The institutions are capitulating to technology
However, the administrative processing of the case is difficult and does not reflect well on the faculty. The responsible committees at Brown University reacted very cautiously to the reported numbers and instead asked the professor to file a formal complaint against each individual, including digital evidence.
Serrano strictly rejected this approach because established tools for detecting artificial intelligence are known to be unreliable and often produce incorrect results. He criticizes the passivity of those responsible and calls for an honest debate about the problem. He made his fundamental criticism of this mentality clear to Inside Higher Ed in drastic terms: “We cannot afford a society in which a significant portion of our best young minds think that cheating is okay. We cannot allow ourselves to become idiots.”
A systemic problem
The case from Rhode Island is an example of a much broader development in the US educational landscape.
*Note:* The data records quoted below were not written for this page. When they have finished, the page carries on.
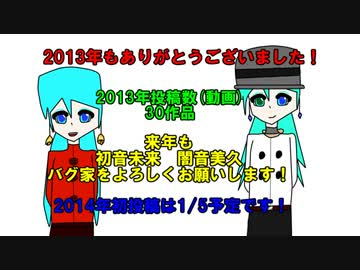 【トークロイド】バグ家の振り返り(2013)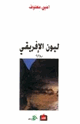 كتاب ليون الافريقي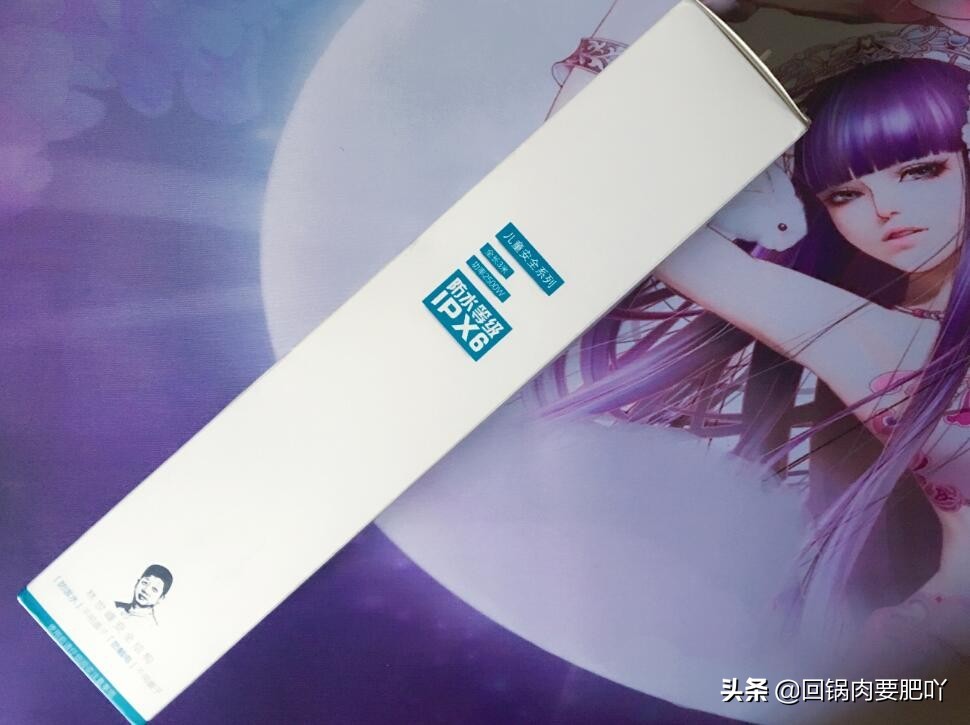 防触电防漏电防水安全插座,中科电工防水防触电插座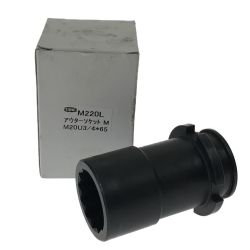 ## TONE トネ アウターソケット シャーレンチ用  M220L M20U3/4×65 Bランク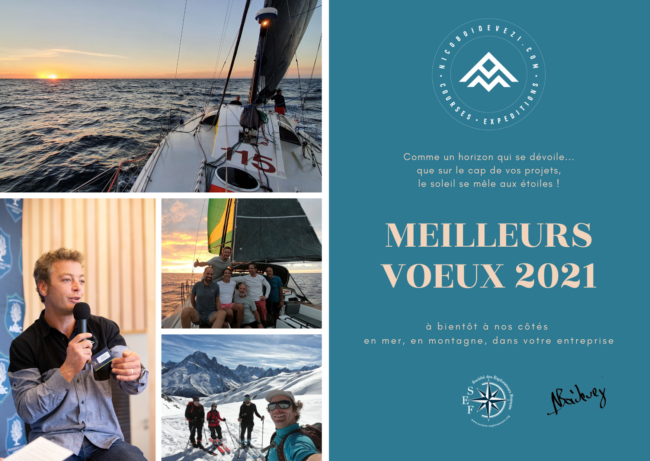 Carte de voeux 2021 Nicolas Boidevézi Carte de voeux 2021 Nicolas Boidevézi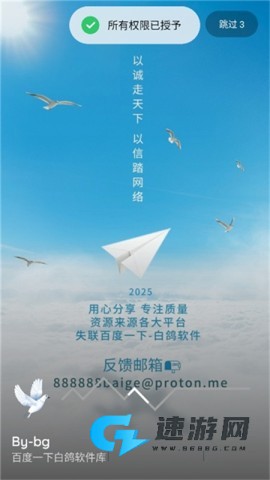 白鸽盒子 第1张图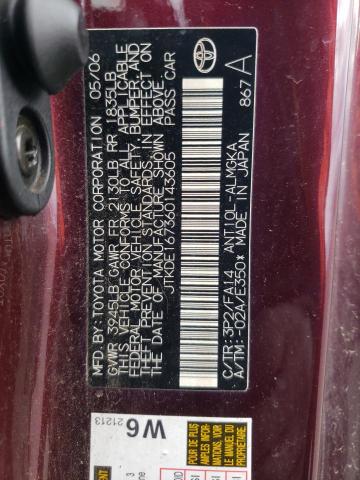 JTKDE167360143605 - 2006 TOYOTA SCION TC BURGUNDY photo 12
For example, the renowned Princeton University in the state of New Jersey recently abolished its 133-year-old code of honor for unsupervised exams because the principle of trust can no longer be maintained in the age of generative text models.
Even though digital tools undoubtedly enable new methodological approaches in education, they also reveal significant risks for the traceability of individual performance. Universities obviously have to develop fundamentally new evaluation concepts if academic degrees are to continue to serve as a reliable indicator of acquired knowledge in the future.